We will begin with a sample size computation to elaborate on early stopping in A/B testing. Suppose our current site (i.e., control treatment A) has a \(\text{CTR}_A\) of 3%. Our team has developed a tweak website layout (i.e., experimental treatment B).

We are very optimistic that the tweak to the site could get us to 4.5% CTR, making a solid business case. Hence, before conducting the corresponding A/B testing, we will power it accordingly via pwr.2p.test().

control_ctr <- 0.03
tweak_ctr <- 0.045
alpha <- 0.05
pow <- 0.8

n_AB <- 2 * ceiling(
  pwr.2p.test(
    h = ES.h(tweak_ctr, control_ctr),
    sig.level = alpha,
    power = pow,
    alternative = "greater"
  )$n
)
n_AB # Overall sample size
3930

3.1. Introduction to Peeking#

We obtain an OVERALL sample size of \(n = 3930\). That is a lot of visitors!

Important

If we are running this experiment online while randomizing the experimental units in real-time, we presumably have access to the data as it is being collected. So we can check the state of our data collection as much as we want throughout the whole A/B testing. This is called PEEKING.

Moreover, if you can peek at the data as much as you want in real-time, you might be tempted to EARLY STOP the A/B testing. Hence, if we keep performing the corresponding hypothesis testing every time we peek at the process, can we stop the experiment earlier before collecting the total sample size \(n = 3930\)?

Attention

Peeking in A/B testing still involves computing your overall sample size, call it \(n_{\text{max}}\), before starting the experiment. If at some peek your UPDATED test statistic hits significance before we accrue all \(n_{\text{max}}\) experimental units, then A/B testing randomization and data collection will stop.

By appealing to the previous logic, as soon as we are convinced that the experimental version of the site is more profitable than the control, we early stop the A/B testing and serve the experimental version to all visitors.

Again, simulation will be our friend to illustrate and practice the concept of peeking.
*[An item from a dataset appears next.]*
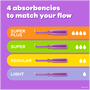 Tampax Radiant Tampons Trio Pack, Regular/Super/Super Plus Absorbency with BPA-Free Plastic Applicator and LeakGuard Braid, Unscented, 28 ct., , large image number 2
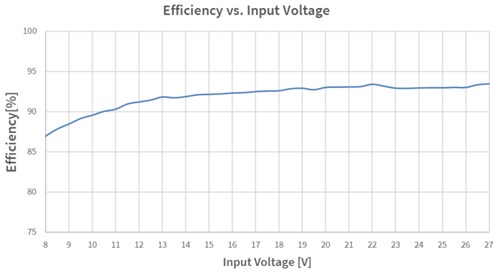Performance Graph - Infineon Technologies TLD5099EP_VB2G Voltage-Mode Evaluation Board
Function sim_monitor_track() simulates an A/B testing for comparing CTRs with two website versions as follows:

  • The function sequentially generates independent visitors/impressions (i.e., experimental units), one by one, and randomly allocates them to either treatment A (control) or B (experimental tweak).

  • Moreover, it generates the experimental unit’s response (click or non-click) based on the population CTRs: \(\text{CTR}_A\) and \(\text{CTR}_B\).

  • Once each experimental unit has been recruited and their data has been collected, we compute/update the corresponding \(z\)-statistic and evaluate whether we reach significance or not (i.e., we conclude that \(\text{CTR}_B > \text{CTR}_A\) at a significance level \(\alpha\)).

  • If we reach significance, the A/B testing will stop before reaching the projected overall sample size \(n_{\text{max}}\).

This function needs three arguments: n_max (projected maximum overall sample size \(n_{\text{max}}\)), CTR_A (population \(\text{CTR}_A\)), and CTR_B (population \(\text{CTR}_B\)).

sim_monitor_track <- function(n_max, CTR_A, CTR_B) {
  # Significance level in A/B testing
  alpha <- 0.05

  # Data to record in each iteration to compute the z-statistic
  data <- matrix(0, 2, 2)
  z <- 0 # No test statistic at the beginning of the A/B testing
  n <- 0 # No visitors at the beginning of the A/B testing

  # Recordings of z statistics throughout the A/B testing
  z_opt <- rep(NA, n_max)

  # We will recruit A/B testing visitors within the loop
  # The experiment will last while we do not have a significant result
  # AND we do not reach the maximum number of experimental units (n_max)
  while ((z <= qnorm(1 - alpha)) && (n < n_max)) {
    n <- n + 1 # Increasing the number of recruited visitors

    # Randomize the visitor to treatment A (0) or B (1)
    x <- sample(0:1, size = 1)
    # See if they click on the link (1) or not (0)
    y <- rbinom(1, size = 1, prob = (1 - x) * CTR_A + x * CTR_B)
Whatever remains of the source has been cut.